-- Opening Marker --
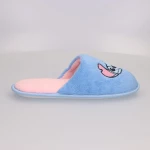 Παντόφλες Stitch 2300007148-Γαλάζιο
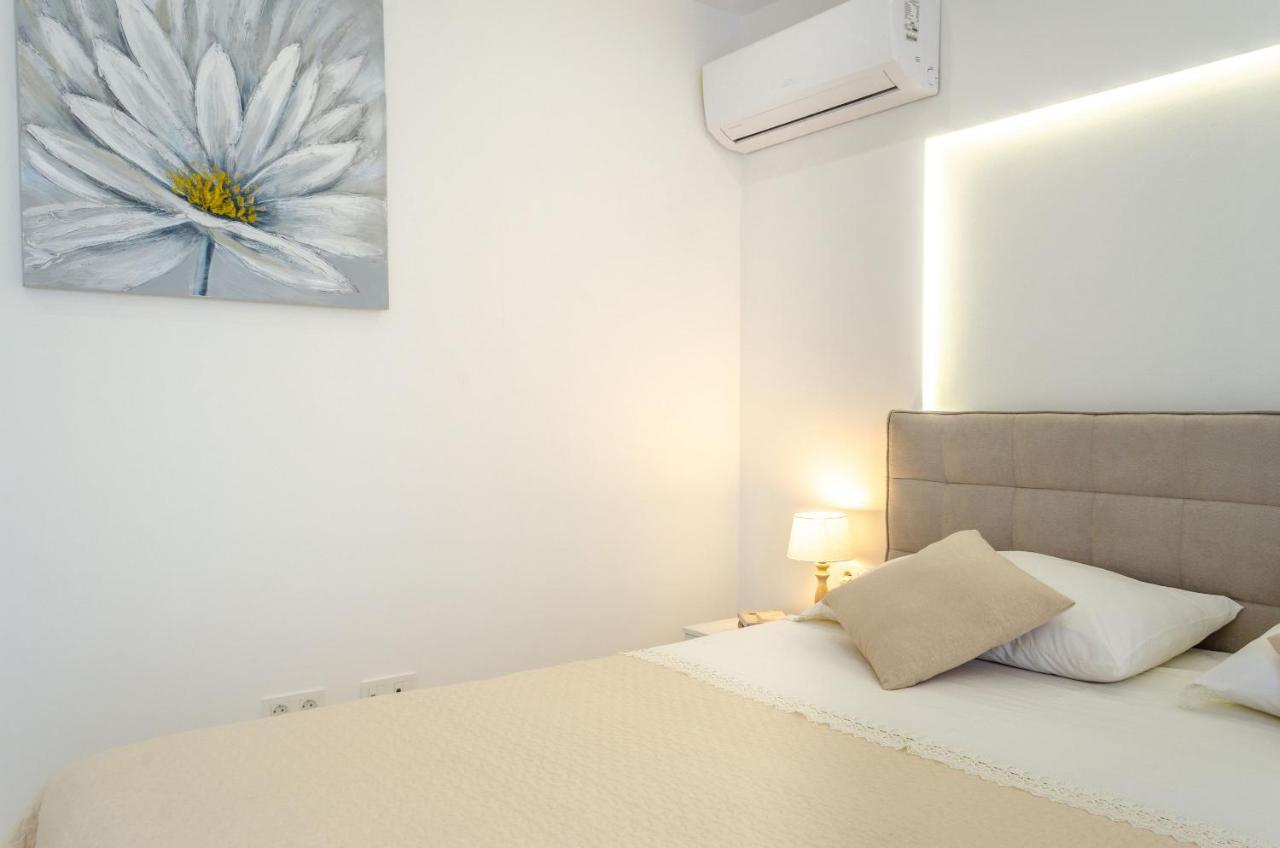 Antea Apartment 普瑞兹巴 外观 照片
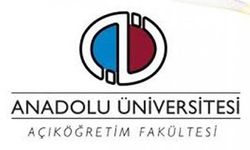 Anadolu Üniversitesi Açıköğretim Sınav Sonuçları Açıklandı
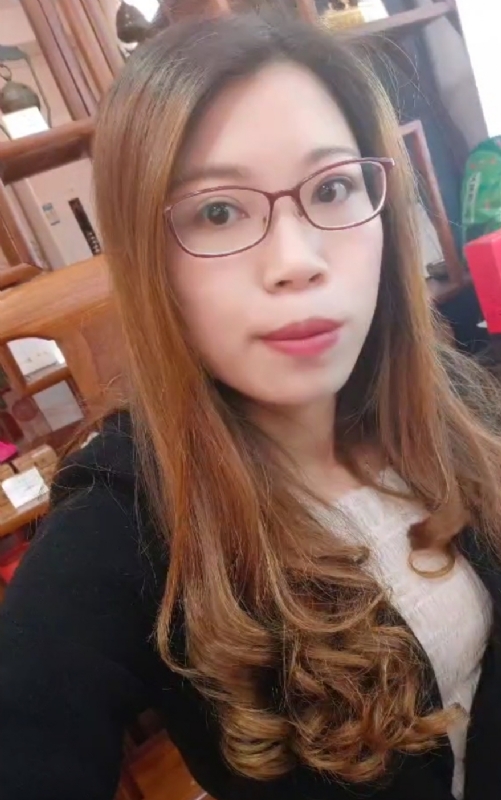 美好未来的第二张照片--顺昌征婚网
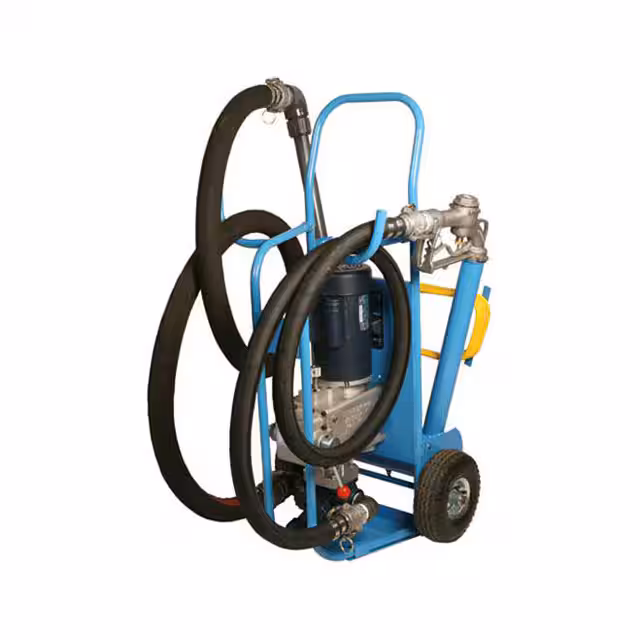 B652330 Liquidynamics  Carrelli e camion - Carrelli, camion, cricchi e carrelli elevatori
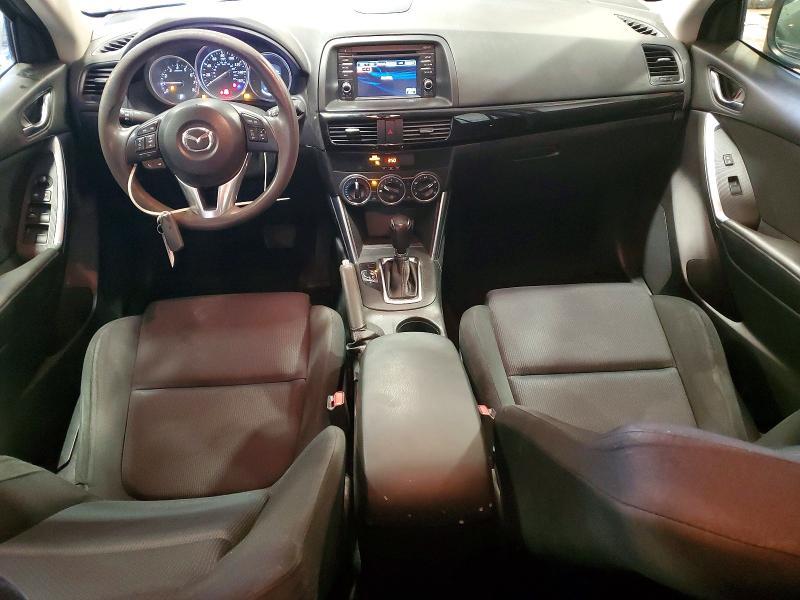 2015 Mazda Cx-5 Sport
-- Closing Marker --
**Exercise details:** Pictures must be left out. Return verbatim only the lines from the line with "e carrelli elevatori" through the final line of the material above, including both ends.

**Answer to this problem:**
 B652330 Liquidynamics  Carrelli e camion - Carrelli, camion, cricchi e carrelli elevatori
 2015 Mazda Cx-5 Sport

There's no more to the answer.